▶ [ASSIGNMENT]
Using the material below, repeat exactly the lines from the one with "My name is Eric." through the one with "Thank you and", ends included, without any images.

▶ [SUPPLIED ENTRIES]
========================================
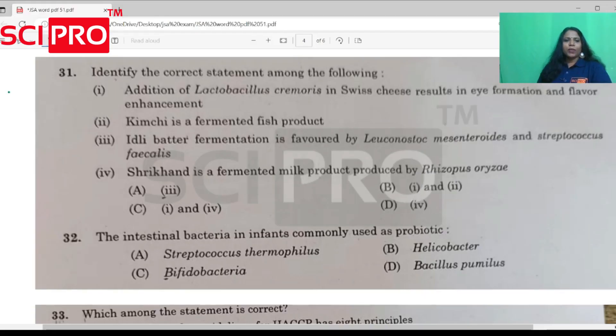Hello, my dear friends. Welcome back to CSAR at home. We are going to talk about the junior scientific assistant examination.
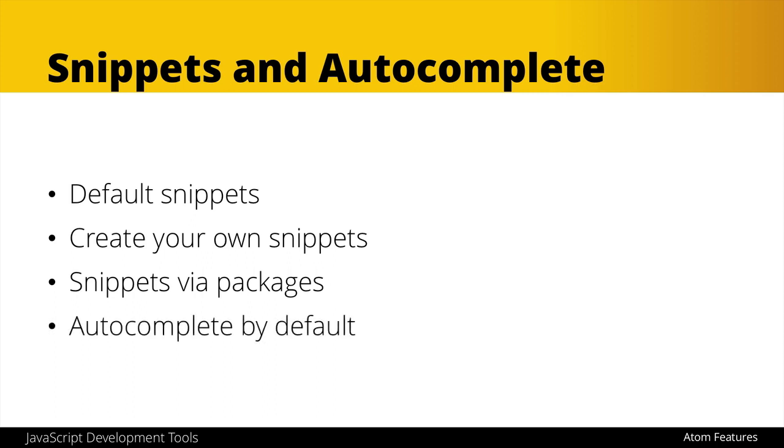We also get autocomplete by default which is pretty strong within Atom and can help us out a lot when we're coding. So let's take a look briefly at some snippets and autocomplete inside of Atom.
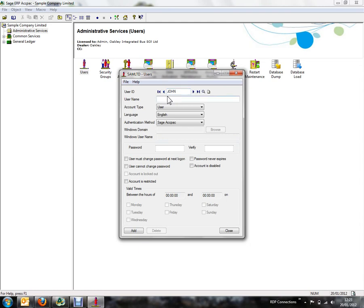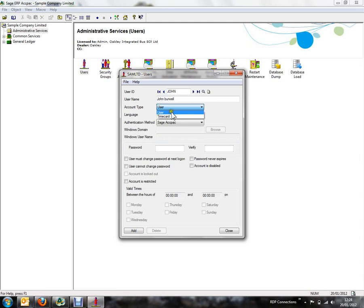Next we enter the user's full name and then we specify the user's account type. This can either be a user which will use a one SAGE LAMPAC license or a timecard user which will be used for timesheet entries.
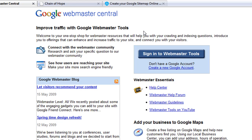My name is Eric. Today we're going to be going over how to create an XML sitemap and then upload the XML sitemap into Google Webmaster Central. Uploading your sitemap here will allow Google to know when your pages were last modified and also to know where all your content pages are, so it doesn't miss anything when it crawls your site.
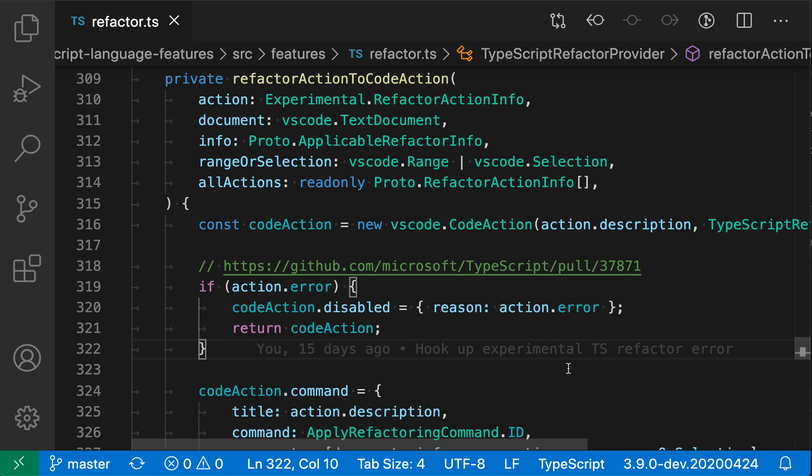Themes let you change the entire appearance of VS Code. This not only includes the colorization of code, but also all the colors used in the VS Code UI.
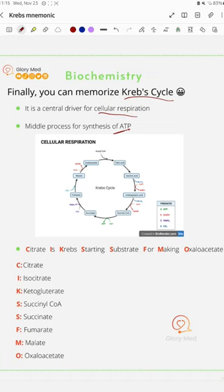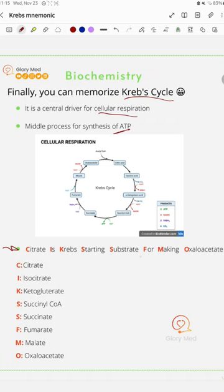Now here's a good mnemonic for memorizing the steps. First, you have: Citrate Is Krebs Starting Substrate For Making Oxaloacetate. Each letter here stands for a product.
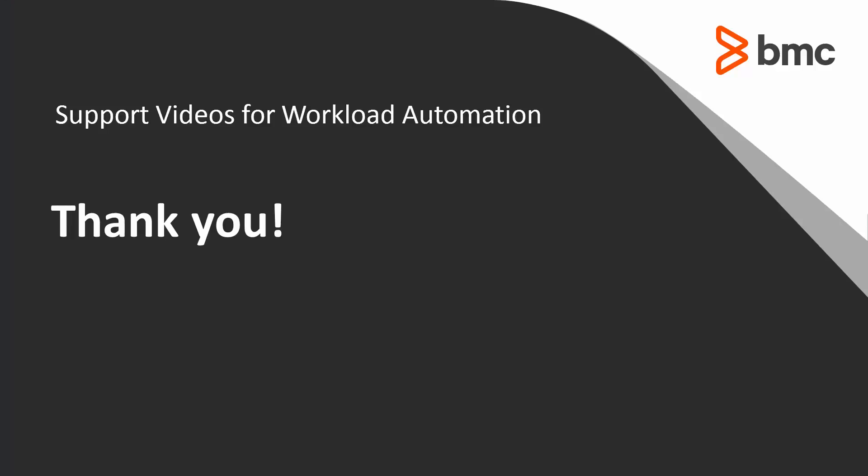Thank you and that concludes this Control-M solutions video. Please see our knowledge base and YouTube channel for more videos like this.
========================================
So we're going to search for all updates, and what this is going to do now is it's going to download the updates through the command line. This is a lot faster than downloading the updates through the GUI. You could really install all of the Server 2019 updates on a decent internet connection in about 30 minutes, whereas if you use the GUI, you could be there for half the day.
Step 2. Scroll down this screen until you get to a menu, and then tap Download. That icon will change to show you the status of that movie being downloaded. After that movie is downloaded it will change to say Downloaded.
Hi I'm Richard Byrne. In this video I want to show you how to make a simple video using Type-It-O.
========================================
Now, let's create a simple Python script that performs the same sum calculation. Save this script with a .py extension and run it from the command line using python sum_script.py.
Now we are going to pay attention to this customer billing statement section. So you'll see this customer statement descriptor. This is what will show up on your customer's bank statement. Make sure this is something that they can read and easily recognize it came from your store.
========================================
▶ [OUTPUT OF THE EXERCISE]
My name is Eric. Today we're going to be going over how to create an XML sitemap and then upload the XML sitemap into Google Webmaster Central. Uploading your sitemap here will allow Google to know when your pages were last modified and also to know where all your content pages are, so it doesn't miss anything when it crawls your site.
Themes let you change the entire appearance of VS Code. This not only includes the colorization of code, but also all the colors used in the VS Code UI.
Now here's a good mnemonic for memorizing the steps. First, you have: Citrate Is Krebs Starting Substrate For Making Oxaloacetate. Each letter here stands for a product.
Thank you and that concludes this Control-M solutions video. Please see our knowledge base and YouTube channel for more videos like this.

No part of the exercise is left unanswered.